Nevertheless, fundamental as the act of evocation is–for it forms the basis for all that man will learn about himself in the course of history–it is not itself an act of cognition. The Socratic irony of ignorance has become the paradigmatic instance of awareness for this blind spot at the center of all human knowledge about man. At the center of his existence man is unknown to himself and must remain so, for the part of being that calls itself man could be known fully only if the community of being and its drama in time were known as a whole.

Man’s partnership in being is the essence of his existence, and this essence depends on the whole, of which existence is a part. Knowledge of the whole, however, is precluded by the identity of the knower with the partner, and ignorance of the whole precludes essential knowledge of the part. This situation of ignorance with regard to the decisive core of existence is more than disconcerting: It is profoundly disturbing, for from the depth of this ultimate ignorance wells up the anxiety of existence.

The ultimate, essential ignorance is not complete ignorance. Man can achieve considerable knowledge about the order of being, and not the least part of that knowledge is the distinction between the knowable and the unknowable. Such achievement, however, comes late in the long drawn-out process of experience and symbolization that forms the subject matter of the present study.

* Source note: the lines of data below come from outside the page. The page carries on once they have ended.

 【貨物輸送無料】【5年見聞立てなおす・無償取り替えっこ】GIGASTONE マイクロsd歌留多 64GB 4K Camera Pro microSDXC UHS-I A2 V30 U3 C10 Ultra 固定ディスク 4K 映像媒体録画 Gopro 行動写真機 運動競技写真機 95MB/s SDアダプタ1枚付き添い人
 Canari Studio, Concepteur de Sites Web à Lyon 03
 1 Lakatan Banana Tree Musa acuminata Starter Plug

The concern of man about the meaning of his existence in the field of being does not remain pent up in the tortures of anxiety but can vent itself in the creation of symbols purporting to render intelligible the relations and tensions between the distinguishable terms of the field.

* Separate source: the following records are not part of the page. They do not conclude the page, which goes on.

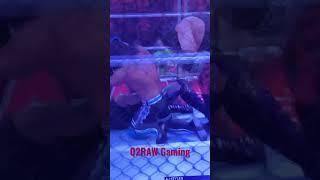 Steel Cage championship match WWE 2K23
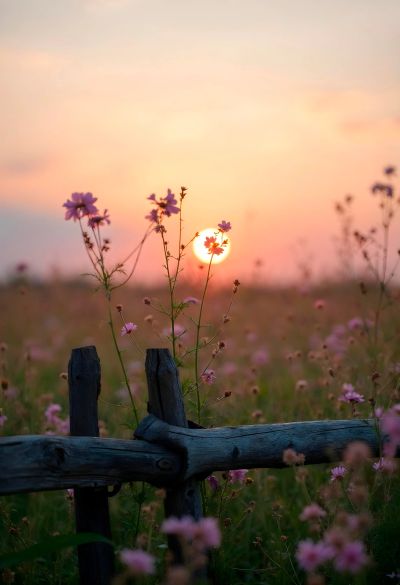 Wildflowers bloom near a rustic wooden fence at sunset.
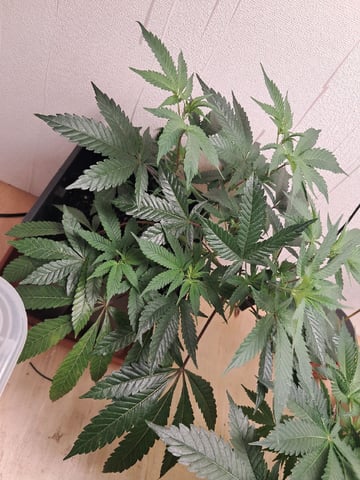 Gugugaga — flower, day 21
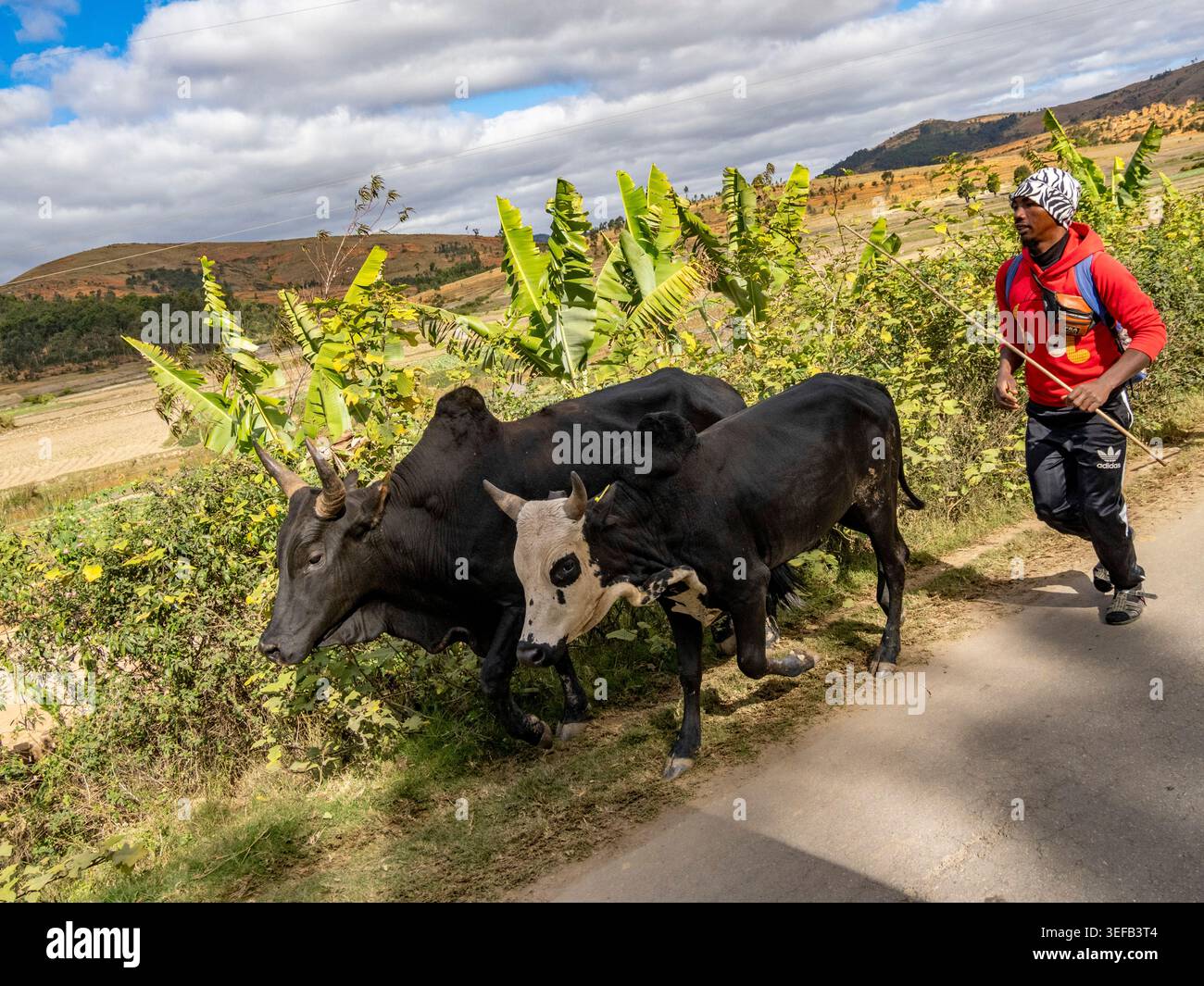 Zebu marchant le long d'une route avec un homme à Madagascar, représentant l'importance culturelle et la richesse parmi le peuple malgache Banque D'Images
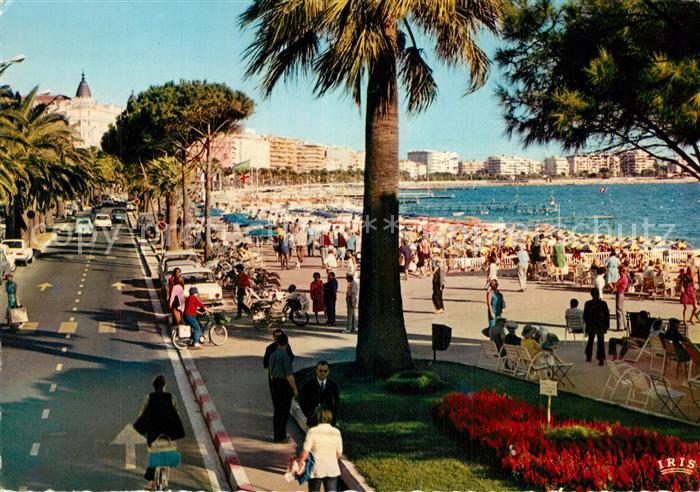 Cannes Alpes-Maritimes La Croisette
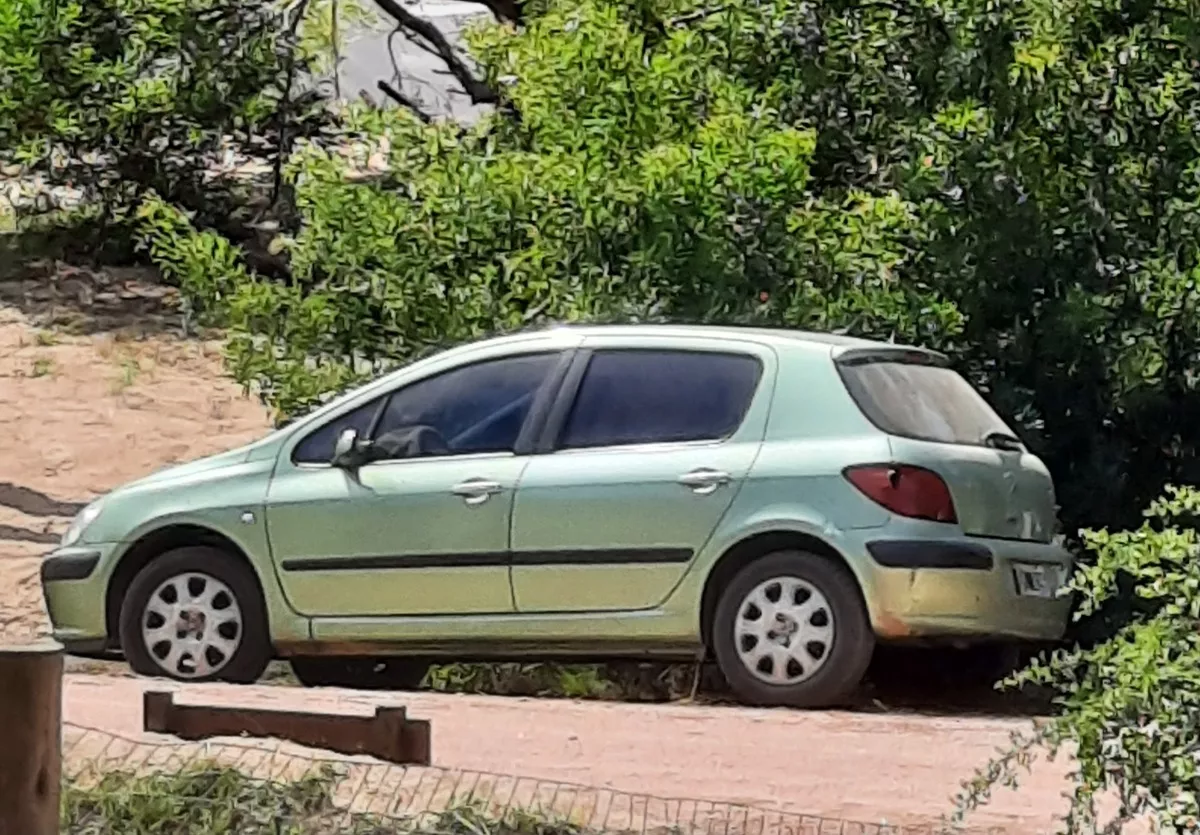 Peugeot 307 1.6 Xs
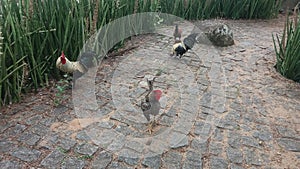 Galos e Galinhas no Parque da Pedra da Cebola, VitÃ³ria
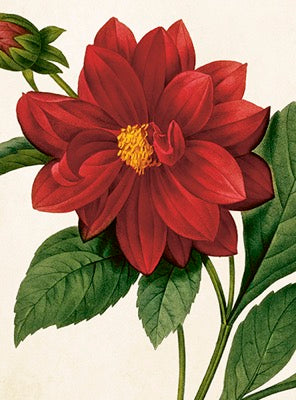 Kleine Doppelkarte mit Kuvert Red Flower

In the early phases of the creative process the acts of symbolization are still badly handicapped by the bewildering multitude of unexplored facts and unsolved problems. Not much is really clear beyond the experience of participation and the quaternarian structure of the field of being, and such partial clearness tends to generate confusion rather than order, as is bound to happen when variegated materials are classified under too few heads. Nevertheless, even in the confusion of these early stages there is enough method to allow the distinction of typical features in the process of symbolization.

Participation in Being

The first of these typical features is the predominance of the experience of participation. Whatever man may be, he knows himself a part of being. The great stream of being, in which he flows while it flows through him, is the same stream to which belongs everything else that drifts into his perspective. The community of being is experienced with such intimacy that the Consubstantiality of the partners will override the separateness of substances.

We move in a charmed community where everything that meets us has force and will and feelings, where animals and plants can be men and gods, where men can be divine and gods are kings, where the feathery morning sky is the falcon Horus and the Sun and Moon are his eyes, where the underground sameness of being is a conductor for magic currents of good or evil force that will subterraneously reach the superficially unreachable partner, where things are the same and not the same, and can change into each other.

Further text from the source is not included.